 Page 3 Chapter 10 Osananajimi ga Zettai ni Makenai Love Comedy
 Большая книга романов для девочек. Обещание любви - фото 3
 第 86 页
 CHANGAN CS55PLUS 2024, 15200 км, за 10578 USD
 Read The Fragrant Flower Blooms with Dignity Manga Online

◆ ◆ ◆ ◆ ◆ ◆ ◆

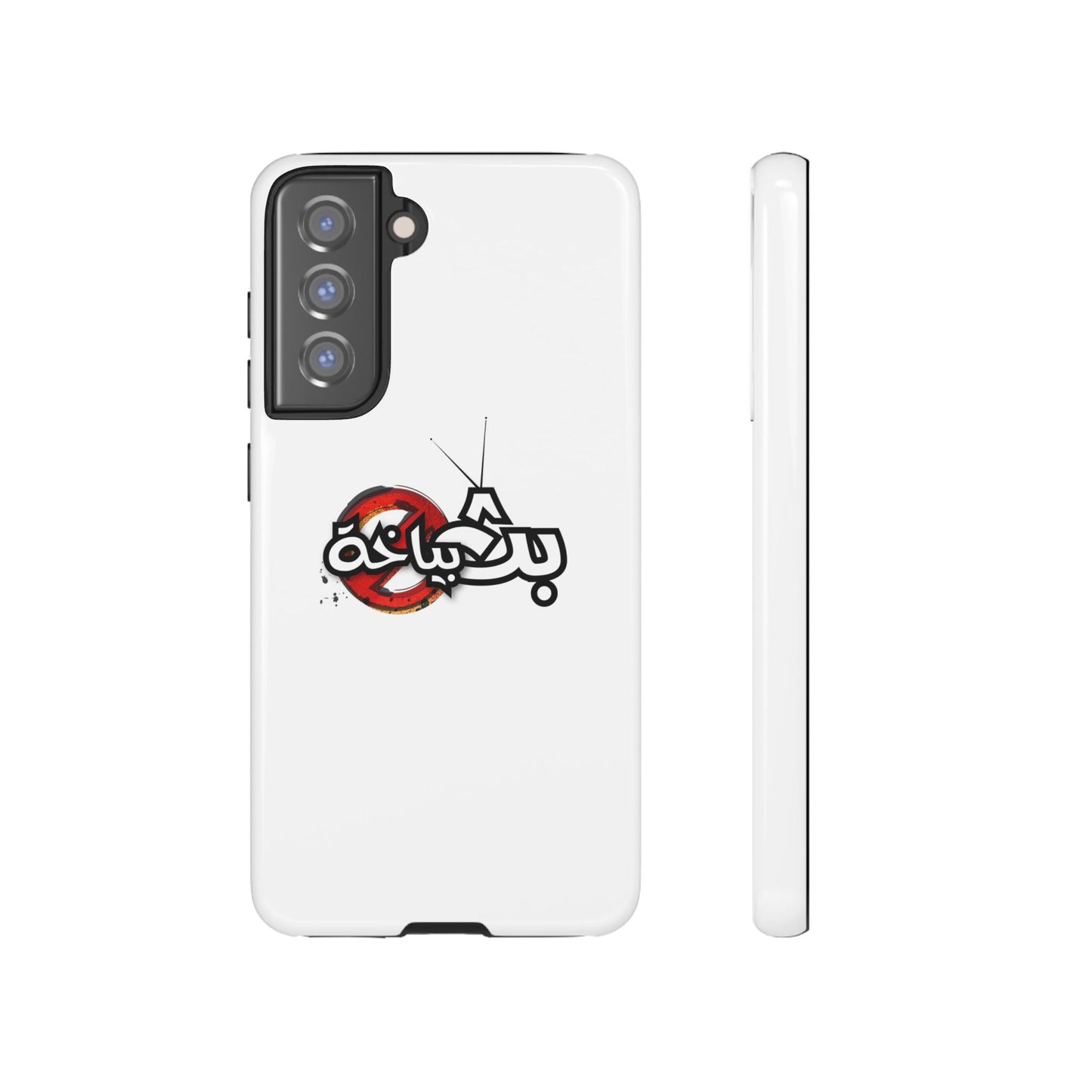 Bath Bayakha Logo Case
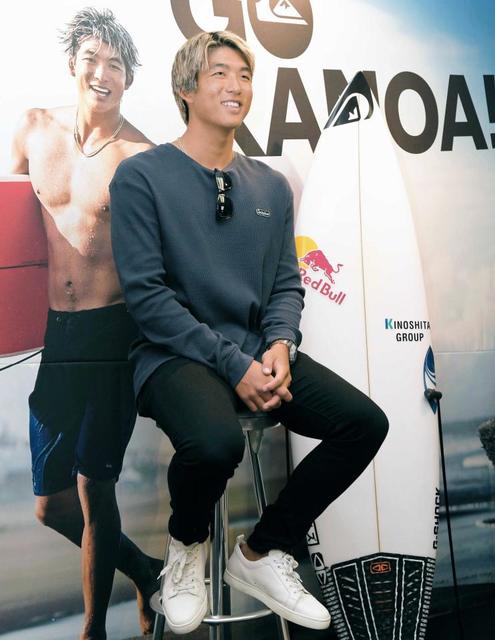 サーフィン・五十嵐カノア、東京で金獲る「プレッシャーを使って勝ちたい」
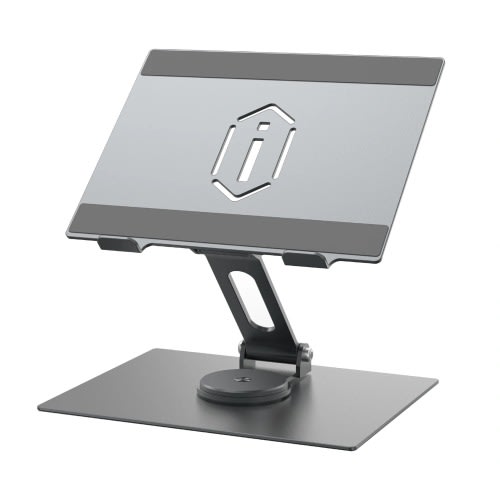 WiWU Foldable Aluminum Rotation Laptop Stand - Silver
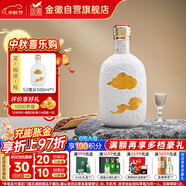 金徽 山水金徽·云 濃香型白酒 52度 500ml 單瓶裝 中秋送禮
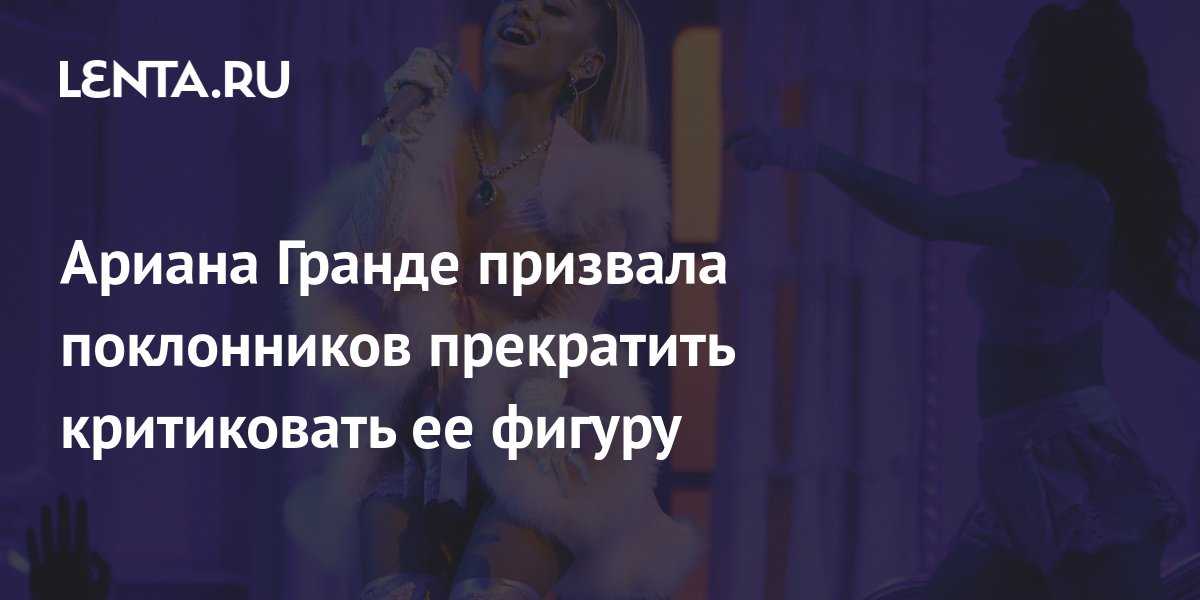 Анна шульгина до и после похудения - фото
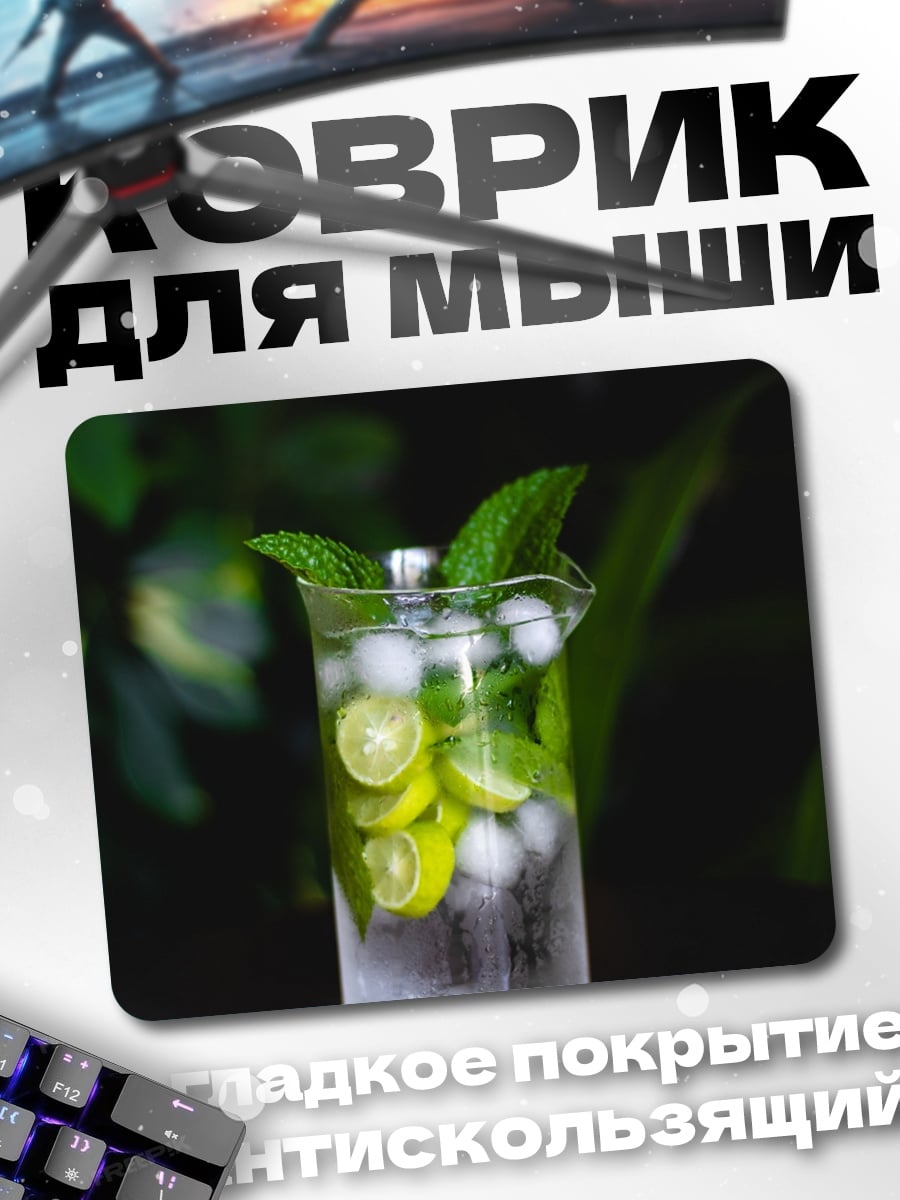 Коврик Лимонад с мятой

◆ ◆ ◆ ◆ ◆ ◆ ◆

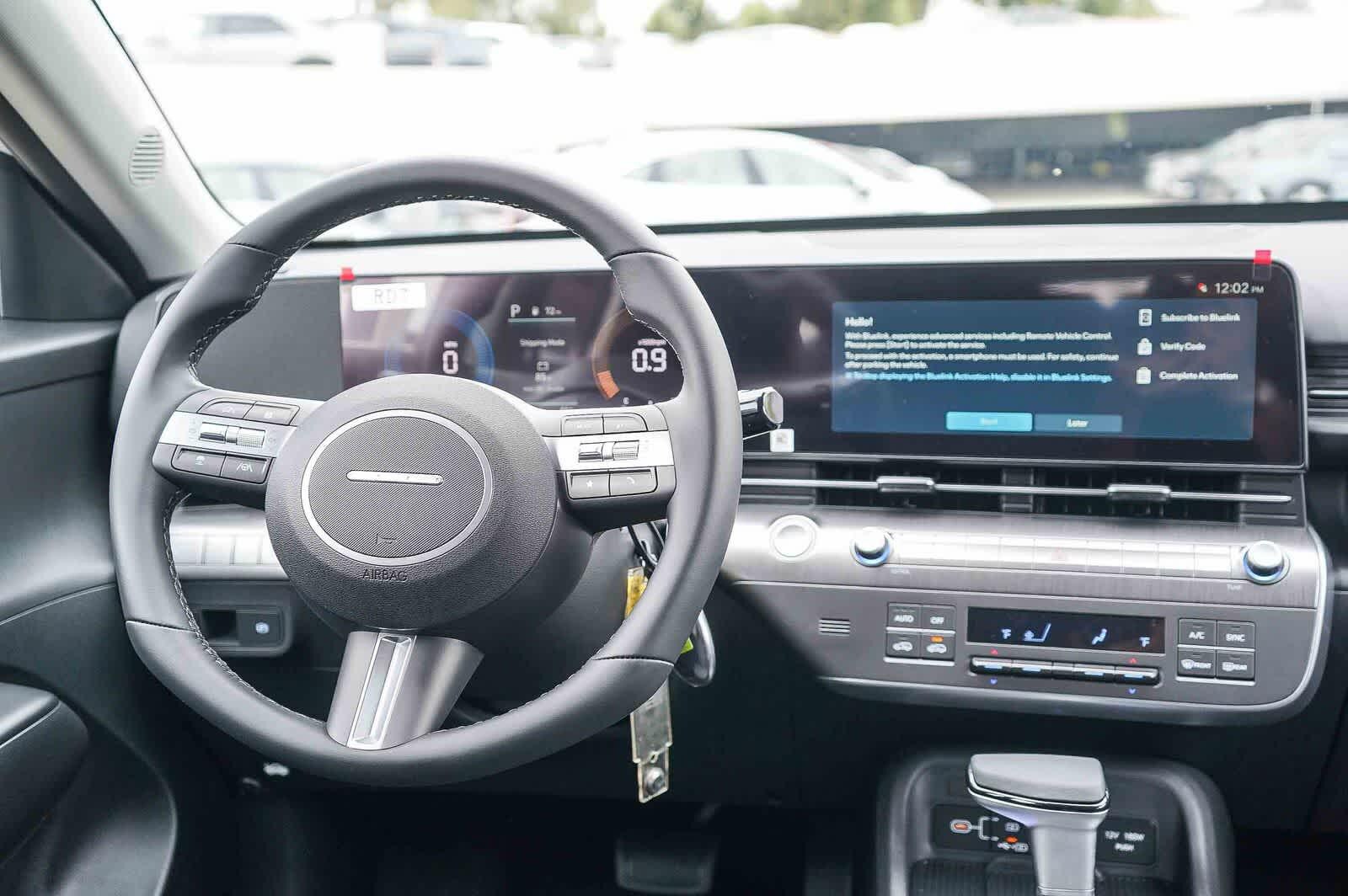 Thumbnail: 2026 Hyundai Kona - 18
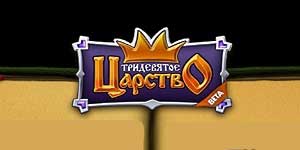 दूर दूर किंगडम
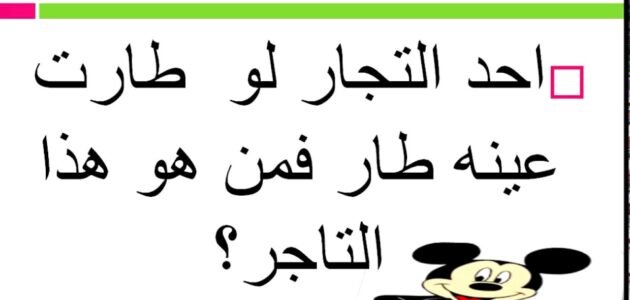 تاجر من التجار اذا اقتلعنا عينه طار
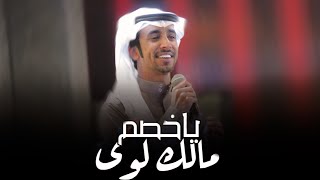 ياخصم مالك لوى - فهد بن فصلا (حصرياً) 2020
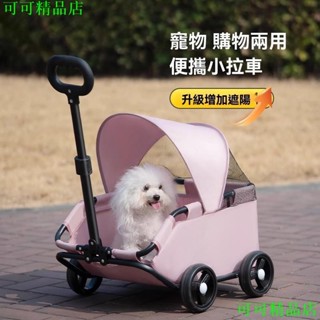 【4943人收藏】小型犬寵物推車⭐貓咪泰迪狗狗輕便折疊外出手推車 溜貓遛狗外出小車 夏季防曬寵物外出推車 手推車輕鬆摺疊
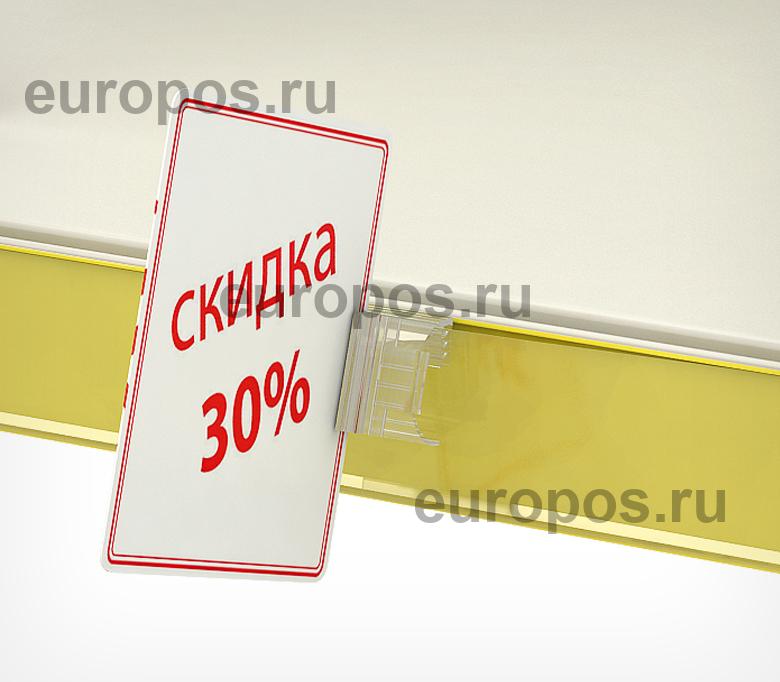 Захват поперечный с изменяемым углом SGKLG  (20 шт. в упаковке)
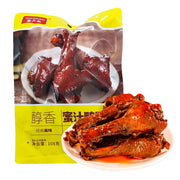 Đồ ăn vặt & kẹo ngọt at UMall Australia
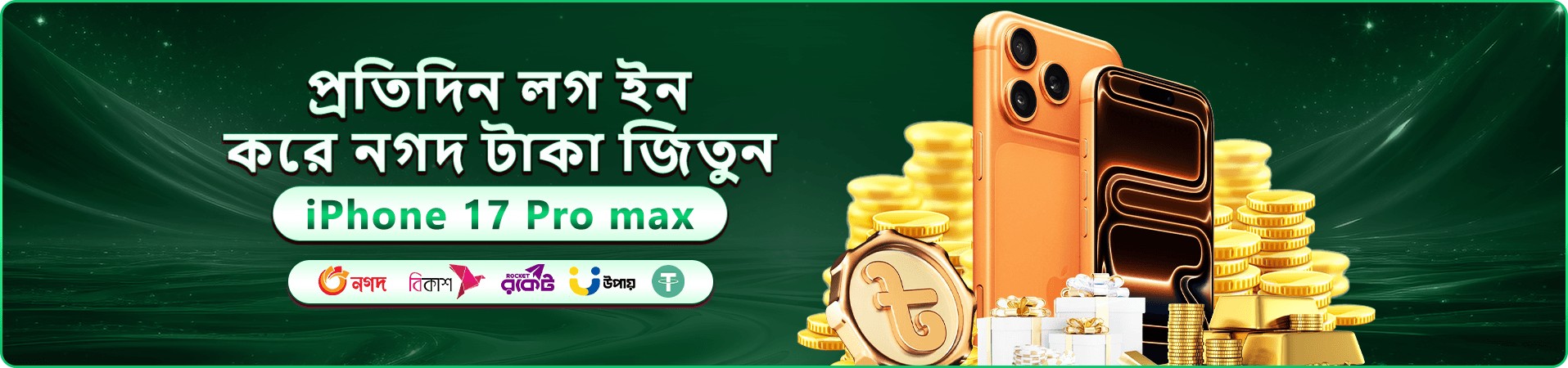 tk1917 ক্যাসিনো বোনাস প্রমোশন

◆ ◆ ◆ ◆ ◆ ◆ ◆

— How to complete this task —
Line for line, output the entries above from the line with "दूर दूर किंगडम" to the line with "tk1917 ক্যাসিনো বোনাস প্রমোশন", both included, and nothing more. Skip pictures.

— Solution to this task —
 दूर दूर किंगडम
 تاجر من التجار اذا اقتلعنا عينه طار
 ياخصم مالك لوى - فهد بن فصلا (حصرياً) 2020
 【4943人收藏】小型犬寵物推車⭐貓咪泰迪狗狗輕便折疊外出手推車 溜貓遛狗外出小車 夏季防曬寵物外出推車 手推車輕鬆摺疊
 Захват поперечный с изменяемым углом SGKLG  (20 шт. в упаковке)
 Đồ ăn vặt & kẹo ngọt at UMall Australia
 tk1917 ক্যাসিনো বোনাস প্রমোশন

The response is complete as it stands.